West Texas Intermediate (WTI) oil remains near $62.50 as US-Iran tensions ease with renewed diplomatic talks. The US and Iran have committed to continuing indirect nuclear negotiations after evaluating discussions in Oman as positive.

Indian refiners are avoiding Russian oil purchases scheduled for April, which aligns with India’s efforts to secure a trade agreement with the US. Such decisions could impact the global oil supply, as the Strait of Hormuz remains a pivotal transit point for approximately 20% of the world’s oil shipments.

The Impact On WTI Oil Prices

WTI, a benchmark for the oil market, was trading around $62.70 per barrel during early European hours on Monday.
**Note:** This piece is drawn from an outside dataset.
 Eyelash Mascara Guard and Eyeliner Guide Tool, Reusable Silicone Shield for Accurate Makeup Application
Suppliers and the geopolitical landscape, including OPEC’s production decisions, political events, and US Dollar value, influence WTI oil prices.
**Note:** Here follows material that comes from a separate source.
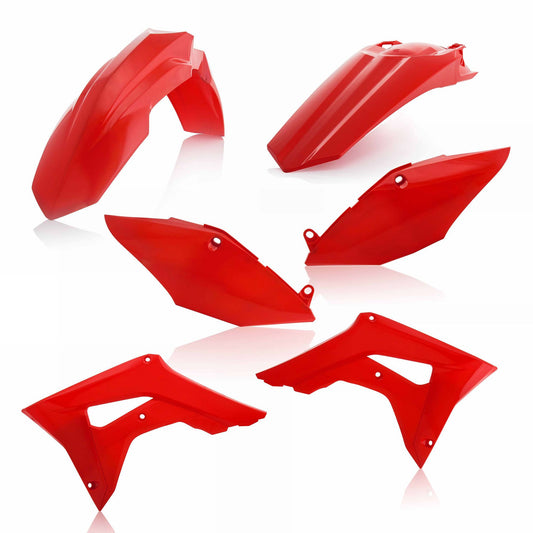 KIT PLASTICHE HONDA CRF450R 2019 ACERBIS ROSSO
Weekly oil inventory reports by the American Petroleum Institute and the Energy Information Agency are other factors that impact WTI oil prices. Declines in inventories generally indicate rising demand and can lead to increased oil prices, whereas heightened inventories often suggest a surplus, putting downward pressure on prices. These reports are published weekly, with EIA’s data being regarded as more robust due to its governmental source.

We are seeing WTI prices struggle to hold above $62 per barrel, largely because of the reduced geopolitical risk premium from the Middle East. The positive tone from the US-Iran talks suggests that immediate supply disruptions through the Strait of Hormuz are less likely. This bearish sentiment was further supported by the latest Energy Information Administration (EIA) report, which showed a surprise crude inventory build of 2.1 million barrels last week, against expectations of a draw.
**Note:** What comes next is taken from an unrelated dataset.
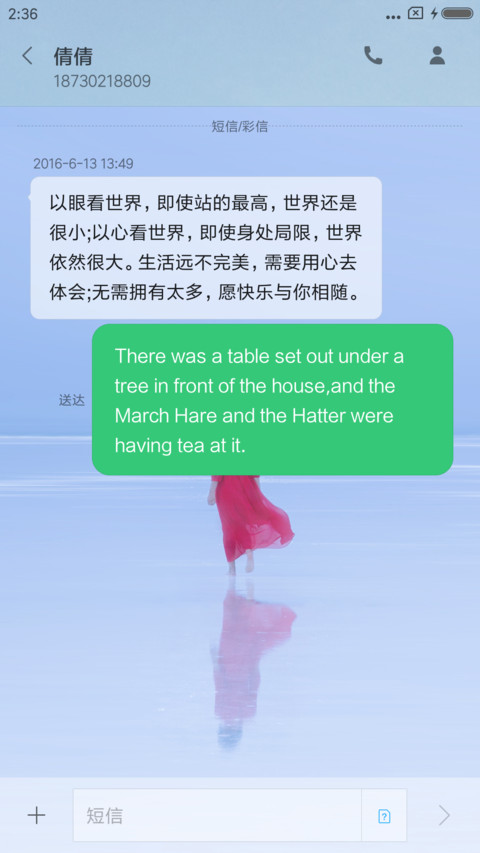 天空之镜 screenshot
Market Implications And Strategies

However, we must not overlook the developing situation with India, which is pausing its Russian crude purchases for coming deliveries. Looking back at data from 2025, India was consistently importing nearly 1.8 million barrels per day (bpd) from Russia, making it a critical global buyer. If this significant volume now seeks alternative sources like WTI, it could substantially tighten the market and create upward price pressure in the second quarter.

This creates a conflicting picture for the weeks ahead, with bearish geopolitical news weighing against bullish demand-shift fundamentals. Given this uncertainty, we believe traders should consider strategies that benefit from a potential increase in volatility rather than a clear directional move. For example, purchasing long-dated straddles or strangles could be a prudent way to position for a larger price swing without betting on its specific direction.

From a technical perspective, the $62.50 level is significant, as it represents a multi-month low not seen since the third quarter of 2025. While OPEC+ has so far signaled it will maintain current production quotas through its March meeting, any commentary expressing concern about falling prices could provide a floor for the market. For now, we see this level as a potential support zone, but a decisive break below it could open the way to the $58-$60 range.